Ministro Napoleão Nunes Maia Filho

Audiência antes da apreensão do bem em ##alienação fiduciária## não é obrigatória

No procedimento especial da ação de busca e apreensão de bem alienado fiduciariamente, regida pelo Decreto-Lei 911/1969, não incide a obrigatoriedade da prévia audiência de conciliação prevista no artigo 334 do CPC/2015, não resultando sua ausência em nulidade.

A Terceira Turma firmou esse entendimento ao negar provimento ao REsp 2.167.264. Na origem, uma administradora de consórcio ajuizou ação de busca e apreensão devido ao não pagamento de parcelas do financiamento de uma moto com garantia de alienação fiduciária. Na contestação, o devedor reconheceu a dívida e solicitou ao juiz o reconhecimento de uma renegociação, pedindo permissão para realizar depósitos. Após decisões favoráveis à administradora nas instâncias ordinárias, o devedor recorreu ao STJ, alegando violação do artigo 334 do CPC/2015.

De acordo com o recorrente, a audiência de conciliação deveria ter sido realizada, já que não houve manifestação expressa das partes dispensando-a. Ele disse ter demonstrado interesse em uma solução amigável, propondo um acordo na fase de contestação, e sustentou que a falta da audiência de conciliação configurou um erro processual que tornaria a sentença nula e exigiria a reforma do acórdão de segundo grau.

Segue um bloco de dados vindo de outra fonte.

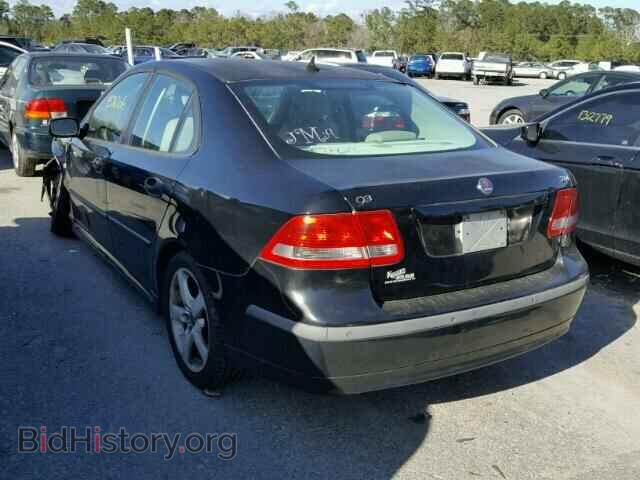 2005 SAAB 9 3 - VIN: YS3FD49YX51057699 - Фото 3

A relatora do recurso, ministra Nancy Andrighi, observou que a obrigatoriedade da audiência de conciliação prévia está prevista no artigo 334 do CPC/2015, podendo ser dispensada em duas situações: quando ambas as partes manifestam desinteresse de forma expressa ou quando a natureza do processo impede a autocomposição.

Segundo a ministra, o direito da parte interessada na realização da conciliação ou da mediação pode, inclusive, gerar nulidade do processo, caso não haja designação da audiência pelo juiz. Contudo, ela enfatizou que o réu deveria ter suscitado o vício na primeira oportunidade de manifestação no processo, o que não ocorreu. Além disso, Nancy Andrighi ponderou que, apesar de o CPC estabelecer, como regra geral, que o juiz deve incentivar a solução consensual dos conflitos, o artigo 334 é específico do procedimento comum, e não se aplica aos procedimentos especiais, salvo previsão legal.

Assim, a ministra concluiu que, em procedimentos especiais, como a ação de busca e apreensão, a realização da audiência de conciliação é facultativa e depende da discricionariedade do juiz. "Considerando que o DL 911/1969 regulamenta a fase inicial do processo de forma diversa dos artigos 334 e 335, I e II, do CPC, não há espaço para a aplicação subsidiária dos referidos dispositivos do procedimento comum", afirmou.

Presença de advogado com poderes para transigir afasta aplicação da multa

Em 2021, no julgamento do RMS 56.422, a Quarta Turma decidiu que não cabe a aplicação de multa pelo não comparecimento pessoal à audiência de conciliação, por ato atentatório à dignidade da Justiça, quando a parte estiver representada por advogado com poderes específicos para transigir.

Com essa decisão, o colegiado deu provimento ao ##recurso em mandado de segurança## de uma empresa que foi multada em R$ 29 mil por ato atentatório à dignidade da Justiça, devido ao não comparecimento à audiência de conciliação. A empresa impetrou o mandado de segurança no Tribunal de Justiça de Mato Grosso do Sul (TJMS), sustentando que era seu direito se fazer representar por advogado na audiência de conciliação, conforme diz o CPC/2015. Contudo, o TJMS indeferiu a petição inicial do mandado de segurança por esgotamento do prazo para a impetração.

Após entender que o mandado de segurança era tempestivo, o relator do recurso no STJ, ministro Raul Araújo, observou que o parágrafo 10 do artigo 334 do CPC permite à parte ser representada mediante procuração com poderes específicos para negociar e transigir. "Desse modo, ficando demonstrado que os procuradores da ré, munidos de procuração com poderes para transigir, estiveram presentes na audiência, tem-se como manifestamente ilegal a aplicação da multa por ato atentatório à dignidade da Justiça", disse.